Ever since Brian Epstein died in 1967, the Beatles’ business affairs have been run by people who didn’t know what they were doing. And that hasn’t changed even now; it strikes me as ridiculous that in late 2008, Apple Corps still hasn’t agreed to license the Beatles’ music for digital distribution.

Even if the Beatles are the greatest rock band of all time, they’re still just a rock band. But evidently the suits at Apple Corps believe that the Beatles’ music is sacred, different somehow from all other recorded music, and deserves special consideration.

Now, older fans like me already own the Beatles’ music. And younger fans don’t buy CDs. So Apple Corps’s foot-dragging can have only two possible outcomes: either a) young fans obey the law and therefore ignore the Beatles, or b) young fans pirate the Beatles’ music. In neither case does Apple Corps make any money.

Brian Epstein’s genius was in part his intuitive understanding of what young music fans wanted, and in part a knack for shrewd marketing and deal-making. One has to wonder: if he were alive today, and still running the Beatles’ business affairs, would he put up with this ridiculous standoff?

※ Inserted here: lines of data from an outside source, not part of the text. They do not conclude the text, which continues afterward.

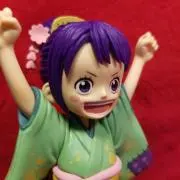 おたまちゃん  ★プロフ必読★の画像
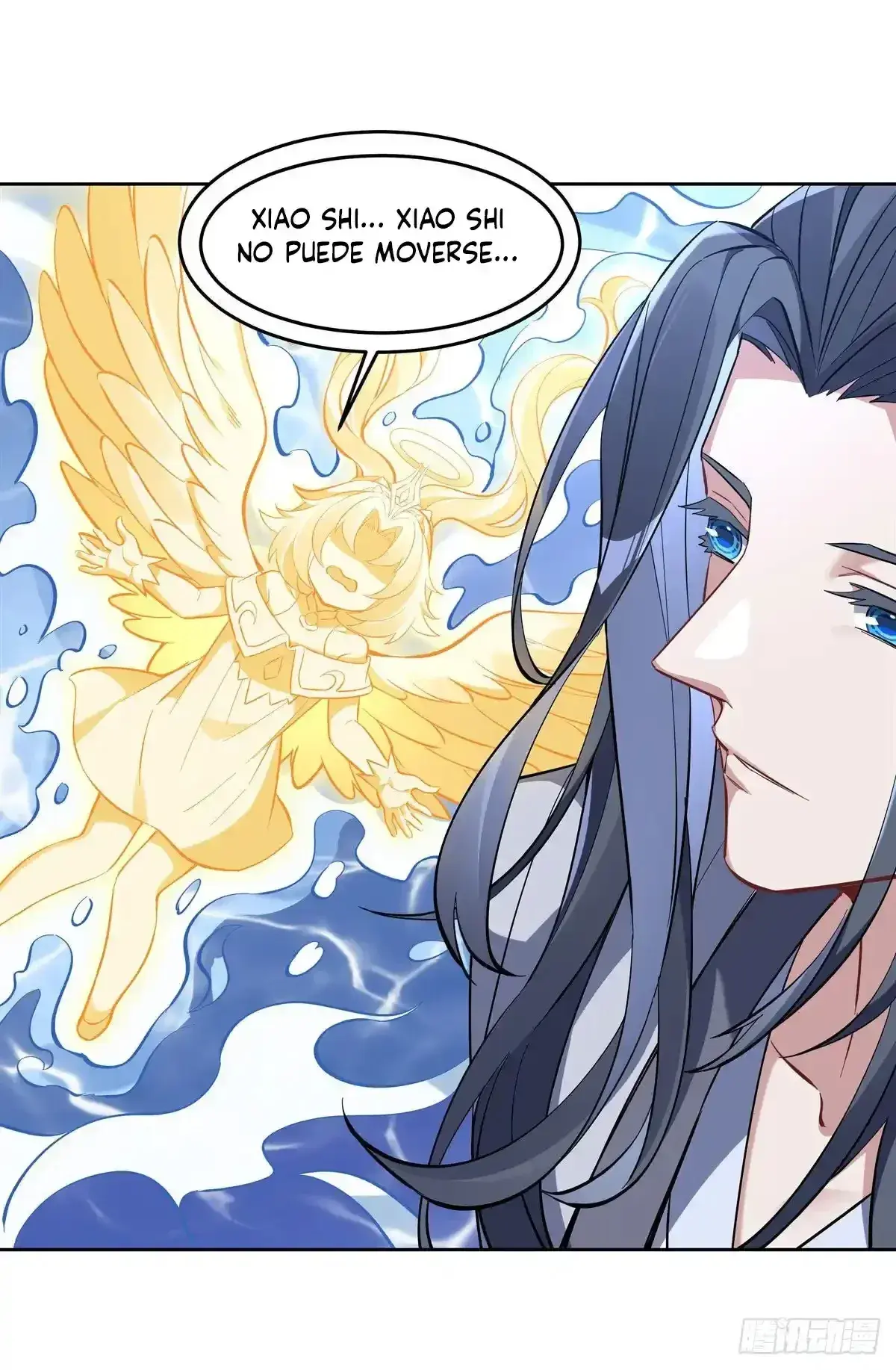 Capitulo 116 page 24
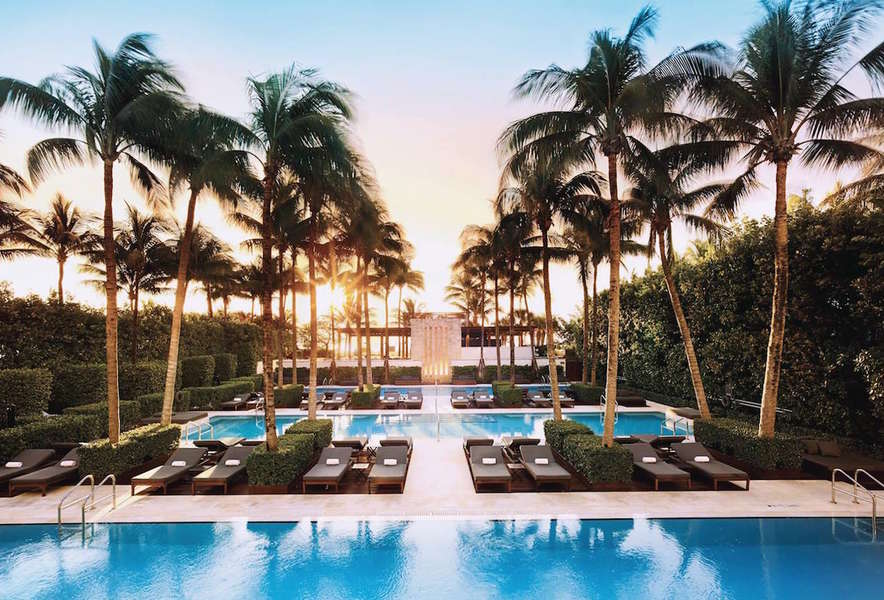 Best Tropical Christmas Vacation Destinations Thrillist best-tropical-christmas-vacation-destinations-thrillist
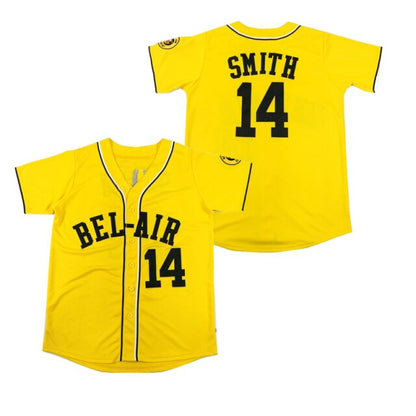 BG baseball jerseys Bad News Bears 12 Custom jersey Outdoor sportswear Embroidery sewing white Hip-hop Street culture
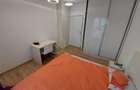 Apartament cu 2 camere Cotroceni Smart Residence - 10 min metrou Grozavesti - 13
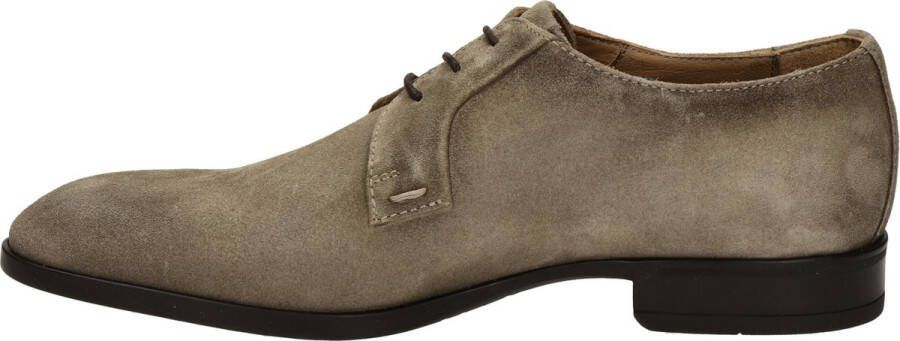 Giorgio nette heren schoen Beige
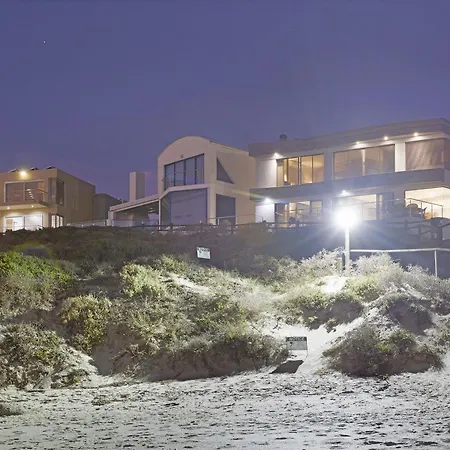 Tenos On Calypso 16 By Host Agents Langebaan Exterior photo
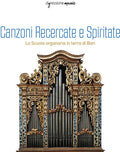 Canzoni Recercate E Spiritate / Various - Canzoni Recercate E Spiritate - Music CD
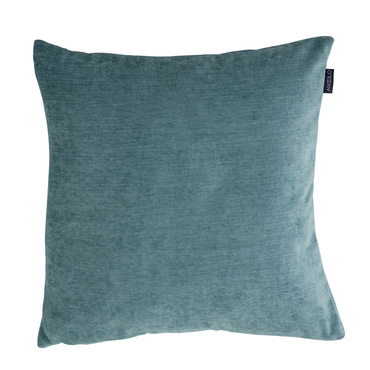 Poszewka Antilo Soul Ocean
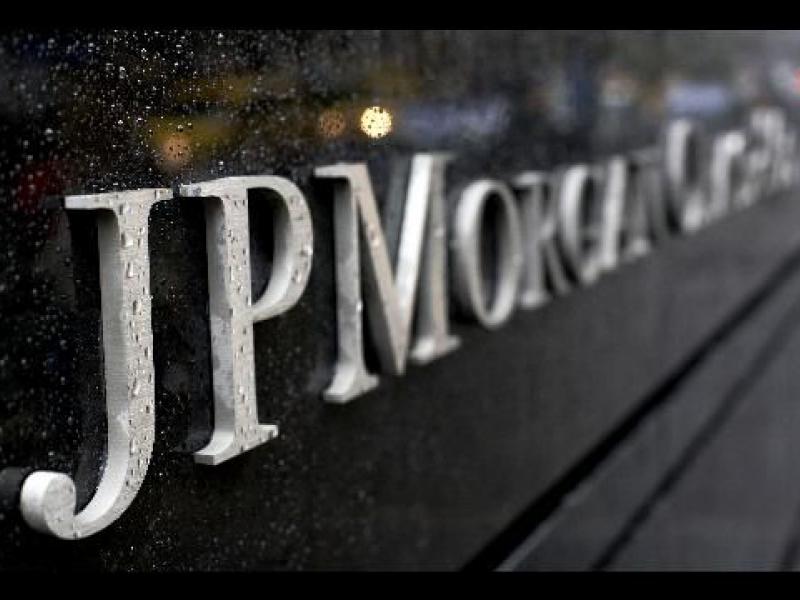 jpmorgan.jpg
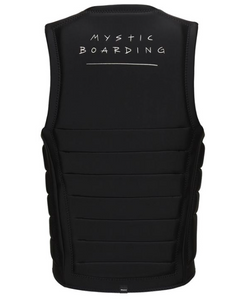 Mayhem Impact - Reversible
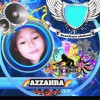🌈 AZZAHRA 🌈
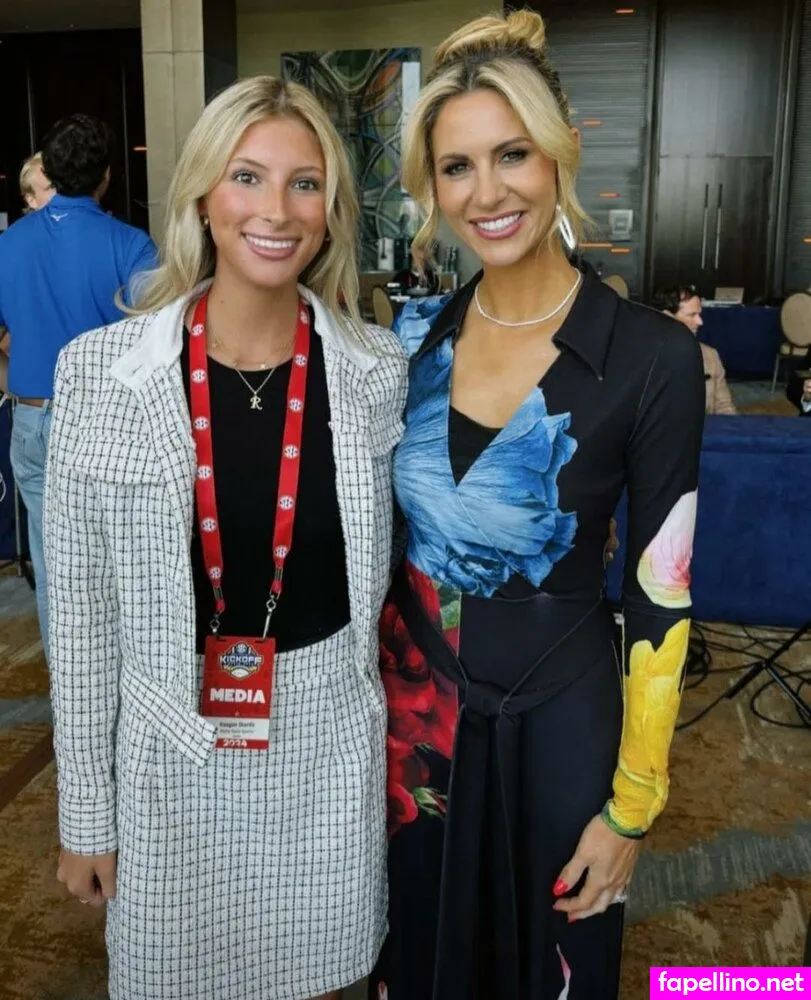 lauramrutledge Nude Leaked OnlyFans Photo #XmfD4oIfSh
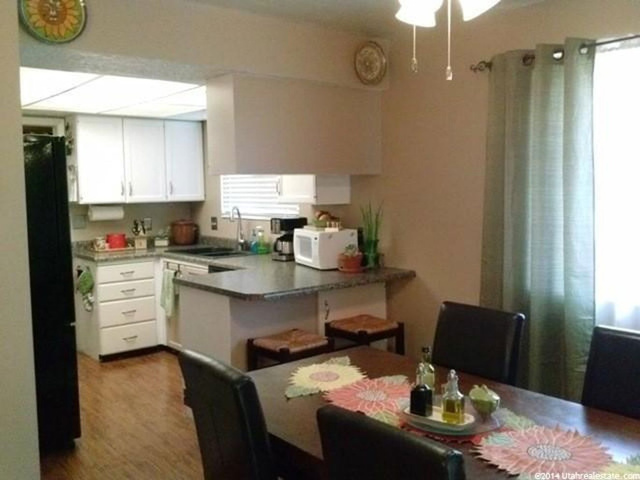 1515 E 1250 S, Ogden, UT 84404 — photo 6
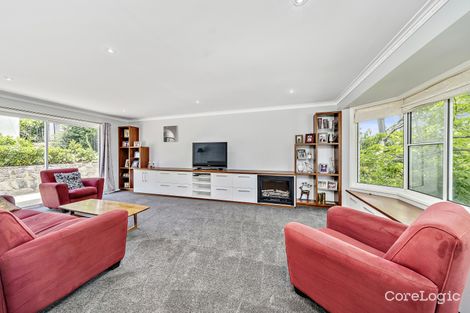 Property photo of 52 Brereton Street Garran ACT 2605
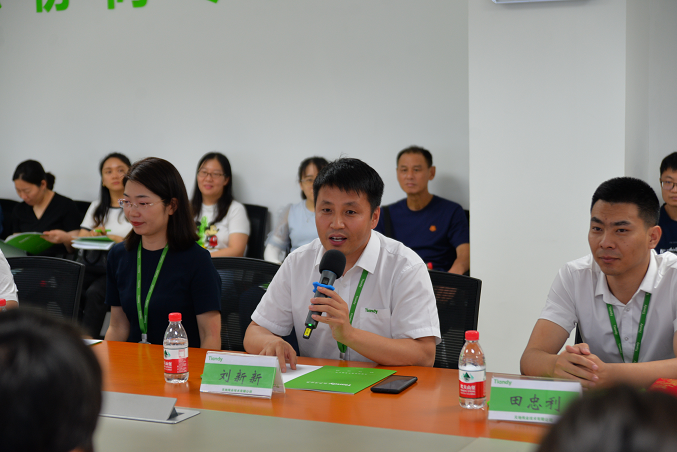 ks��ʱ��վ��(�й���)�ٷ���վ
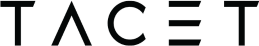 TACET Music Academy logo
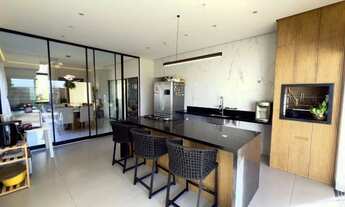 Imagem 3: Sobrado para venda com 3 quartos em Aeroporto - Rio Branco - AC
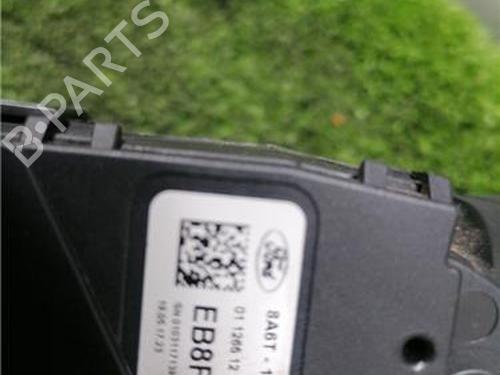Switch FORD TRANSIT COURIER B460 Box Body/MPV 1.5 TDCi | BP36282547I30 - Image 5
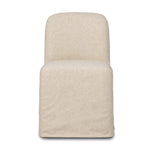 Amethyst Home provides interior design, new home construction design consulting, vintage area rugs, and lighting in the Austin metro area.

One might wonder why I care, since I already own all of the Beatles’ recorded output. Well, according to reports, the entire Beatles catalog has been digitally remastered using modern technology, but the remastered versions are being held back until a digital deal has been made. I understand the reasoning: a splashy rerelease on an obsolete medium would be rather silly. On the other hand, at the rate we’re going, the remastered catalog won’t be released until all of the Beatles and many of their fans are dead.